NetBSD Problem Report #38293
From martin@duskware.de Tue Mar 25 11:33:06 2008
Return-Path: <martin@duskware.de>
Received: from mail.netbsd.org (mail.netbsd.org [204.152.190.11])
by narn.NetBSD.org (Postfix) with ESMTP id BCA5163B863
for <gnats-bugs@gnats.netbsd.org>; Tue, 25 Mar 2008 11:33:06 +0000 (UTC)
Message-Id: <20080325095556.2167863B8A5@narn.NetBSD.org>
Date: Tue, 25 Mar 2008 09:55:56 +0000 (UTC)
From: Christoph_Egger@gmx.de
Reply-To: Christoph_Egger@gmx.de
To: netbsd-bugs-owner@NetBSD.org
Subject: panic: fp_save ipi didn't
X-Send-Pr-Version: www-1.0
>Number: 38293
>Category: port-amd64
>Synopsis: panic: fp_save ipi didn't
>Confidential: no
>Severity: serious
>Priority: medium
>Responsible: port-amd64-maintainer
>State: closed
>Class: sw-bug
>Submitter-Id: net
>Arrival-Date: Tue Mar 25 11:35:00 +0000 2008
>Closed-Date: Sun Feb 22 08:00:13 +0000 2009
>Last-Modified: Sun Feb 22 08:00:13 +0000 2009
>Originator: Christoph Egger
>Release: 4.99.48
>Organization:
>Environment:
NetBSD 4.99.48 (GENERIC) #0: Mon Jan 7 21:47:09 PST 2008 builds@wb28:/home/builds/ab/HEAD/amd64/200801070002Z-obj/home/builds/ab/HEAD/src/sys/arch/amd64/compile/GENERC amd64
>Description:
The kernel panics in src/sys/arch/amd64/amd64/fpu.c
with "panic: fp_save ipi didn't"
In all panics I have got so far, the backtrace is always the same:
fpusave_lwp() at netbsd:fpusave_lwp+0x7b
cpu_lwp_free() at netbsd:cpu_lwp_free+0x2c
exit1() at netbsd:exit1+0x5f1
sys_exit() at netbsd:sys_exit+0x67
syscall() at netbsd:syscall+0xa9
To get this panic, a simple command is enough:
dmesg | less
However, the important thing here is the pipe.
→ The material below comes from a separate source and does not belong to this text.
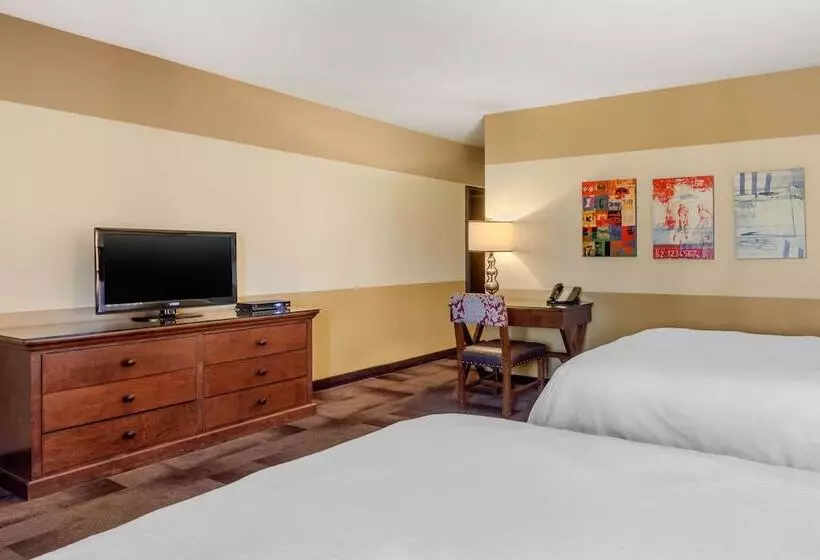 اتاق استاندارد با 2 تخت دوبل, Carlton Oaks Lodge, Ascend Hotel Collection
And the panic
always happens when the command _after_ the pipe ("less" in the
above example) does the exit syscall.
The panic does not always happen, but it is reproducable in an
non-interactive way:
while true; dmesg | fgrep "something"; done
Then wait for the panic and when it happens, then always when
fgrep does the exit syscall.
Joerg Sonnenberger told me, this (or similar) panics
has been seen on non-x86 hardware so I assign this to
category "kern" instead to "port-amd64".
>How-To-Repeat:
Set up a Xen environment with Xen 3.3-unstable,
changeset 17264. You can get the sources
from
hg clone http://xenbits.xensource.com/staging/xen-unstable.hg/
Older Xen versions don't have the necessary bugfixes to run
NetBSD/amd64 as HVM guest.
It doesn't matter if you run NetBSD or Linux as Dom0.
Then install NetBSD/amd64 in a HVM guest and after you have
a NetBSD disk image.
Very important is, that you assign more virtual VCPUs to
the HVM guest than physical CPUs are present (I use twice VCPUs
as physical CPUs are available). And you must have two physical
CPUs at a minimum (=> 4 VPUs for the guest at a miminum).
Then boot NetBSD/amd64.
Login and run
while true; dmesg | fgrep "something"; done
Sometimes the panic even happens during boot when the
boot shell scripts runs.
>Fix:
>Release-Note:
>Audit-Trail:
From: "Jared D. McNeill" <jmcneill@invisible.ca>
To: gnats-bugs@NetBSD.org
Cc: kern-bug-people@netbsd.org, gnats-admin@netbsd.org,
netbsd-bugs@netbsd.org
Subject: Re: kern/38293: panic: fp_save ipi didn't
Date: Tue, 25 Mar 2008 12:06:59 -0400
Christoph_Egger@gmx.de wrote:
> Joerg Sonnenberger told me, this (or similar) panics
> has been seen on non-x86 hardware so I assign this to
> category "kern" instead to "port-amd64".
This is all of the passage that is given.